Lat $(a,b,c)\in S^2$, where $S^2:=\{(x_1,x_2,x_3)\in \mathbb R^3: x_1^2+x_2^2+x_3^2=1 \}$. How to solve the following system of equations: $$ x^2+y^2-z^2-t^2=a,\\ 2(yz+xt)=b,\\ 2(yt-xz)=c,\\ x^2+y^2+z^2+t^2=1 $$ with unknown $x,y,z,t \in \mathbb R$.
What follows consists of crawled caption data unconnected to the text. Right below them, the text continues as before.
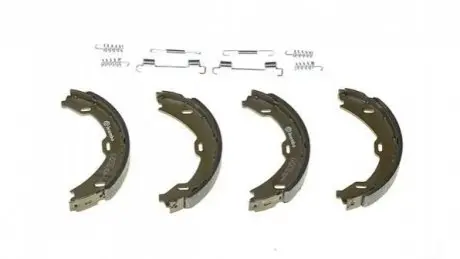 Гальмівна колодка MERCEDES S (C215), S (W220, V220), S (W221, V221) 2.8-6.3 10.98-12.13 BREMBO S50518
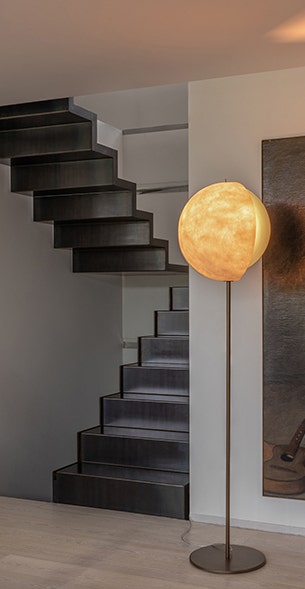 Antonangeli Lunae F1 Floor Lamp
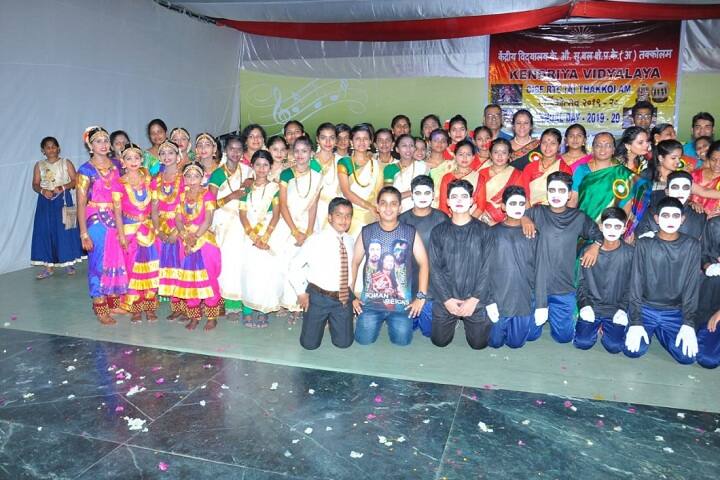 Kendriya Vidyalaya Thakkolam-annual day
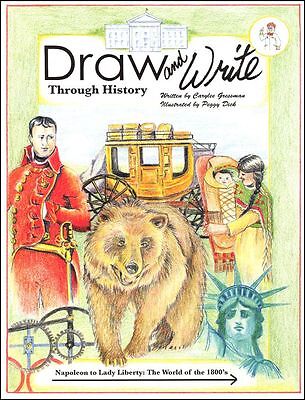 Draw and Write Through History - Napoleon to Lady Liberty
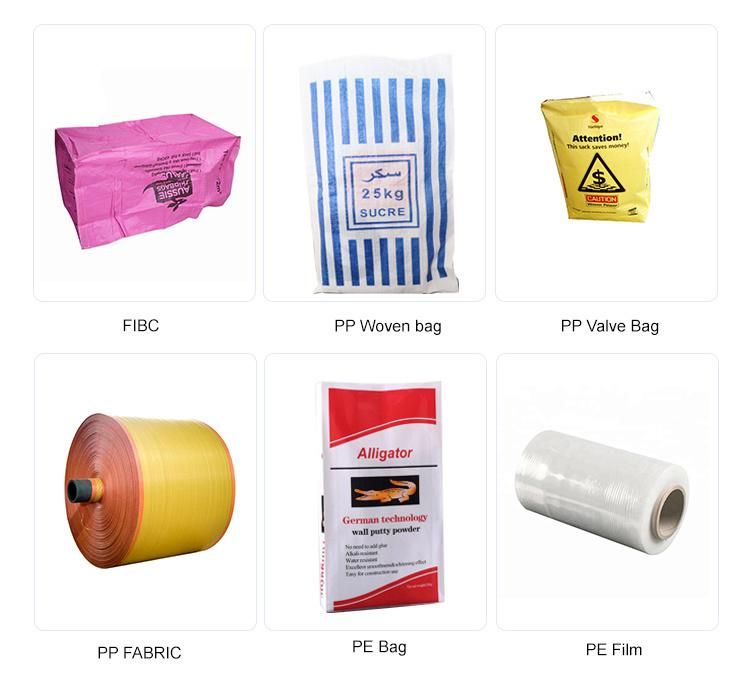 China Manufacturers Cement Fertilizer 25kg BOPP Laminated PP Woven Bag OPP PP Sacks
Edit. The queston was edited. I added the last equation $$ x^2+y^2+z^2+t^2=1. $$
Assume first that $a \neq -1$.
By the 1. and 4. equation we have $$ x^2+y^2=\frac{a+1}{2}. $$ Then $$ x=\sqrt{\frac{a+1}{2}}\cos \phi,\\ y=\sqrt{\frac{a+1}{2}} \sin \phi, $$ where $\phi$ is an arbitrary numer such that $\phi \in [0,2\pi)$. By the 2. and 3. equations we have $$ 2\sqrt{\frac{a+1}{2}} (\sin \phi) z+2\sqrt{\frac{a+1}{2}} (\cos \phi) t=b,\\ -2\sqrt{\frac{a+1}{2}} (\cos \phi) z +2\sqrt{\frac{a+1}{2}} (\sin \phi) t=c. $$ This gives $$ z=\frac{1}{\sqrt {2(a+1)} }b \sin \phi-\frac{1}{\sqrt {2(a+1)} }c \cos \phi, \\ t=\frac{1}{\sqrt {2(a+1)} }b \cos \phi +\frac{1}{\sqrt {2(a+1)} } \sin \phi. $$
Assume now that $a=-1$. By the same method as above we obtain: $$ x=0,y=0, z=\cos \phi, t=\sin \phi, $$ where $\phi$ is an arbitrary numer such that $\phi \in [0,2\pi)$.